6. TERMINATION. Los Altos shall have the right without further obligation or liability to Licensee to terminate this Agreement if Licensee: (ii) is delinquent in making payments of any sum due under this Agreement and continues to be delinquent for fifteen (15) days after the last day payment is due; or (ii) commits any breach of this Agreement, including attempts to misappropriate or tamper with the Software Product or use the Software Product except pursuant to the license granted hereunder. Licensee's obligation to pay all accrued charges shall survive the termination of this Agreement. Los Altos' termination of this Agreement or repossession of the Software Product shall be without prejudice to any other remedies that Los Altos may lawfully have. Upon the termination of this Agreement, the license and all other rights granted hereunder to Licensee shall immediately cease, and Licensee shall immediately: (i) return the applicable Software Product to Los Altos with all documentation, notes and other materials respecting the Software Product; (ii) purge all copies of the applicable Software Product or any portion thereof from all CPU's and from any computer storage medium or device on which Licensee has placed or permitted others to place the Software Product; and (iii) give Los Altos a written certification that through its best efforts and to the best of its knowledge, Licensee has complied with all of its obligations under this Section. Sections 3, 4, 5, 6 and 8 shall survive termination of this Agreement.
7. INSTALLATION. Licensee shall be solely responsible for the installation of the Software Product and will be responsible for causing its employees to become familiar with the Software Product and all documentation therefore.
8. GENERAL.
a. Limitations on Los Altos' Obligations. Any modification or attempted modification of the Software Product by Licensee shall void the obligations of Los Altos under this Agreement, end this Agreement, and entitle Los Altos to seek appropriate legal remedies, unless Licensee has obtained prior written authorization from Los Altos permitting such modification or attempted modifications. This Agreement does not grant Licensee any right, license, or interest in and to any modification, enhancements, or updates to the Software Product. Any updates to the Software Product, if available, may be obtained by Licensee at Los Altos’ then-current standard pricing, terms and conditions. Licensee understands and agrees that Los Altos may develop and market new or different computer programs that use part or all the Software Product and which perform all or part of the functions performed by the Software Product. Nothing contained in this Agreement gives Licensee any rights with respect to such new or different computer programs.
b. Entire Agreement; Waiver, Amendment.
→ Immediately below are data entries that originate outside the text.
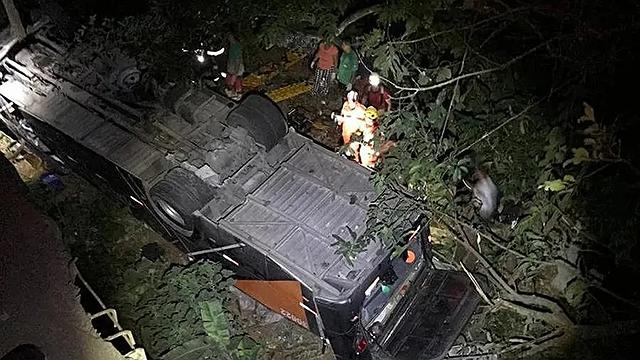 Acidente de ônibus com time de futebol deixa mortos em MG. Um ônibus caiu de uma ponte de 10 metros de altura na madrugada desta segunda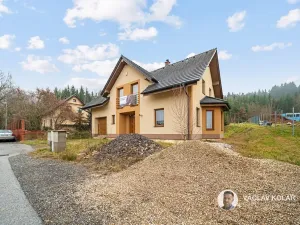 Prodej rodinného domu, Pecka, 176 m2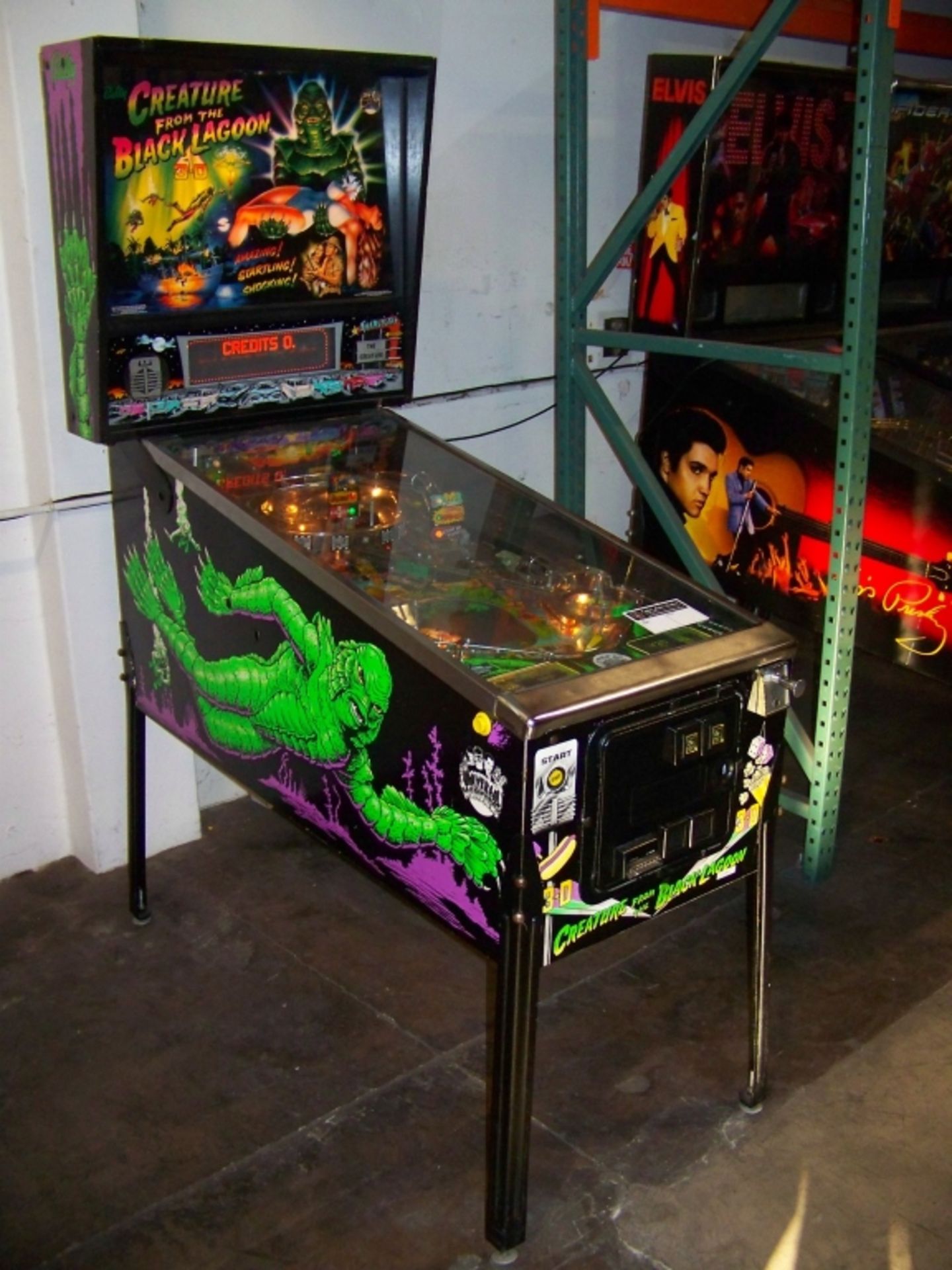 THE CREATURE FROM THE BLACK LAGOON PINBALL MACHINE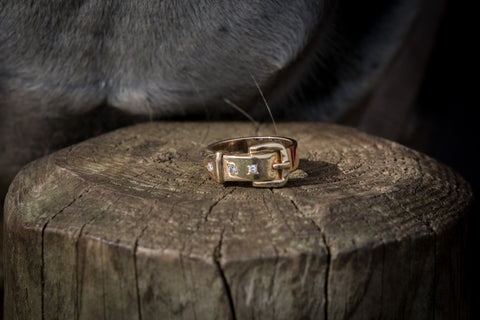 Buckle Ring - 9ct Gold - Thin - 3 Diamonds
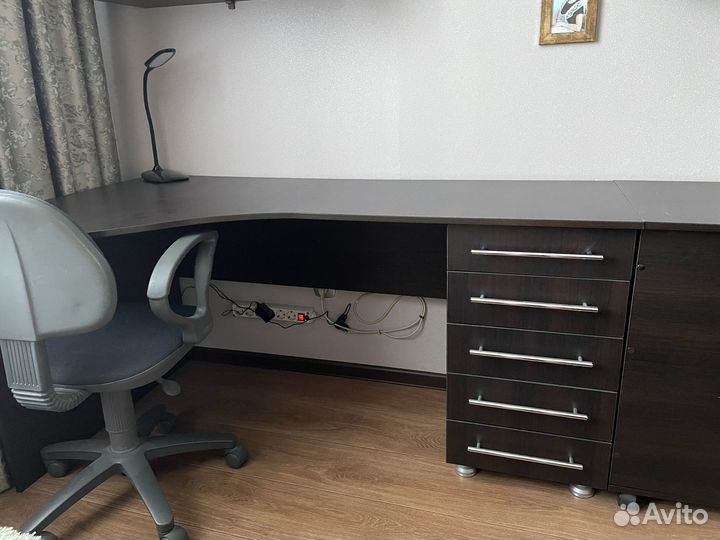 Школьный уголок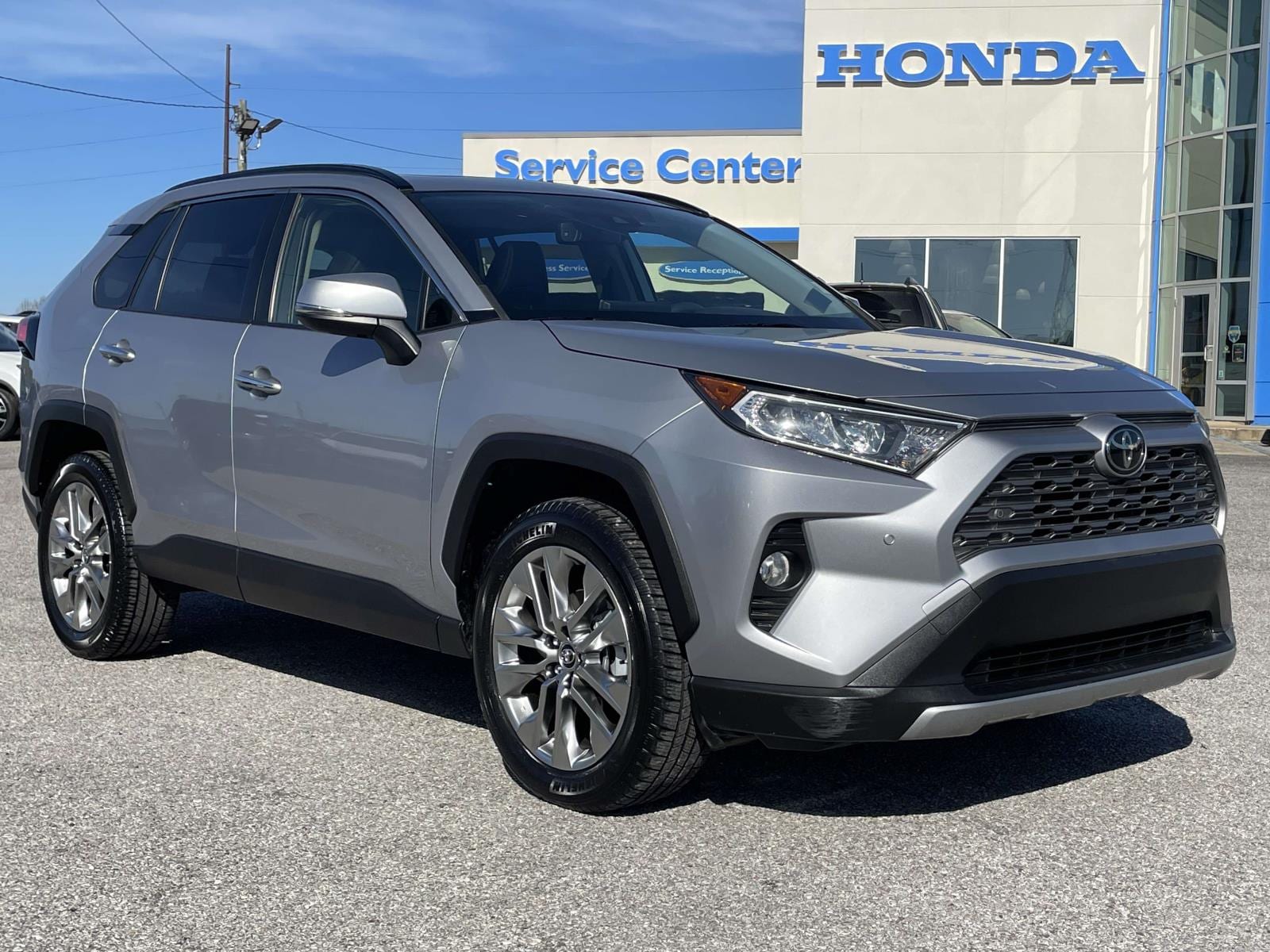 2019 Toyota RAV4 Limited's photo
This Agreement, any applicable invoice and the License Certificate attached hereto constitute the entire agreement between the parties about the subject matter hereof and supersede all prior and contemporaneous agreements, understandings, negotiations and discussions, whether oral or written, of the parties, and there are no warranties, representations or agreements among the parties with the subject matter hereof except as specifically set forth or referred to herein. In the event of any conflict between the terms and conditions of any purchase order and this Agreement, the terms and conditions of this Agreement shall control. Any waiver, amendment or modification of any of the provisions of this Agreement shall not be effective unless made in writing and signed by the parties. No failure or delay by either party in exercising any right, power, or remedy with respect to any of its rights hereunder shall operate as a waiver thereof in the future.
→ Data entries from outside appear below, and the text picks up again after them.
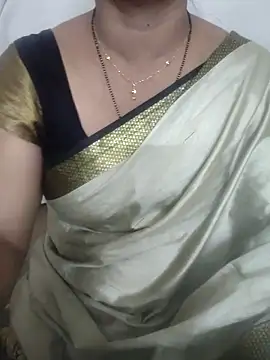 laxmitelugu78 online show from November 8, 2025, 7:23 am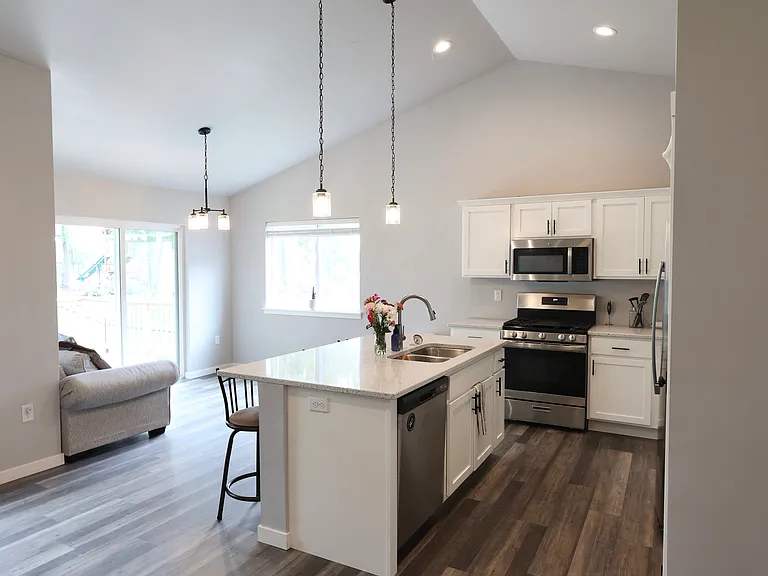 768 Aiden St #1 — Photo 9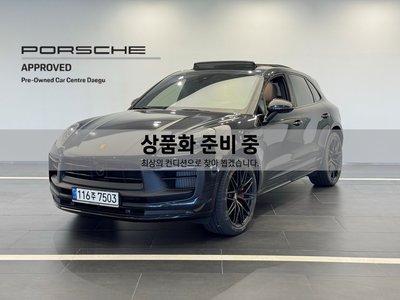 PORSCHE MACAN - 1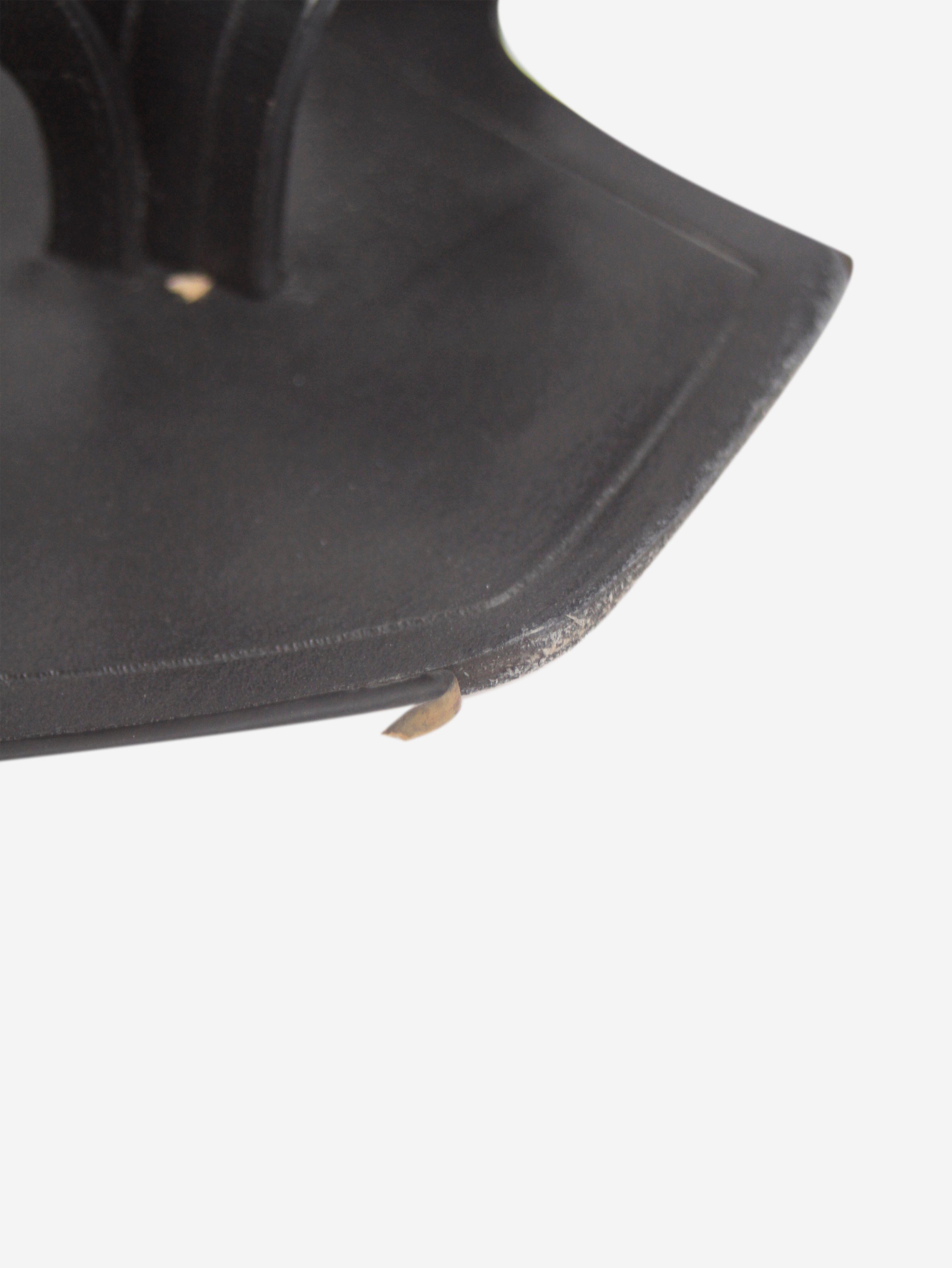 Black leather thong sandals - size EU 39 Flat Sandals Saint Laurent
c. Governing Law; Arbitration. This Agreement will be governed by the laws of the State of North Carolina without regard to its conflicts of law provisions. Any dispute or claim arising out of, or in connection with, this Agreement shall be finally settled by binding arbitration in Raleigh, North Carolina, in accordance with N.C. Gen. Stat. § 1-567.1 et seq. (the "Uniform Arbitration Act") and the then-current rules and procedures of the American Arbitration Association by one (1) arbitrator appointed by the American Arbitration Association. The arbitrator shall apply the law of the State of North Carolina, without reference to rules of conflict of law or statutory rules of arbitration, to the merits of any dispute or claim. Judgment on the award rendered by the arbitrator may be entered in any North Carolina court of competent jurisdiction. The parties agree that, any provision of applicable law notwithstanding, they will not request, and the arbitrator shall have no authority to award punitive or exemplary damages against any party.
d. U.S. Export Control Laws. Licensee agrees that it will not export, re-export, disclose or deliver the Software Product to any other country or countries for which the U.S. Government requires an export license or any other official approval, unless Licensee first obtains such required license or approval.
e. U.S. Government Restricted Rights. Software and documentation provided under this Agreement is provided with RESTRICTED RIGHTS. Use, duplication or disclosure by the Government is subject to restrictions set forth in subparagraph (c)(1)(ii) of the Rights in Technical Data and Computer Software clause at DFARS 252.227-7013 or subparagraphs (c)(1) and (2) of the Commercial Computer Software – Restricted Rights at 48 CFR 52.227.19, as applicable. The contractor/manufacturer of the Software Product is Los Altos Technologies, Inc., 1381 Kildaire Farm Road, #415, Cary, North Carolina 27511.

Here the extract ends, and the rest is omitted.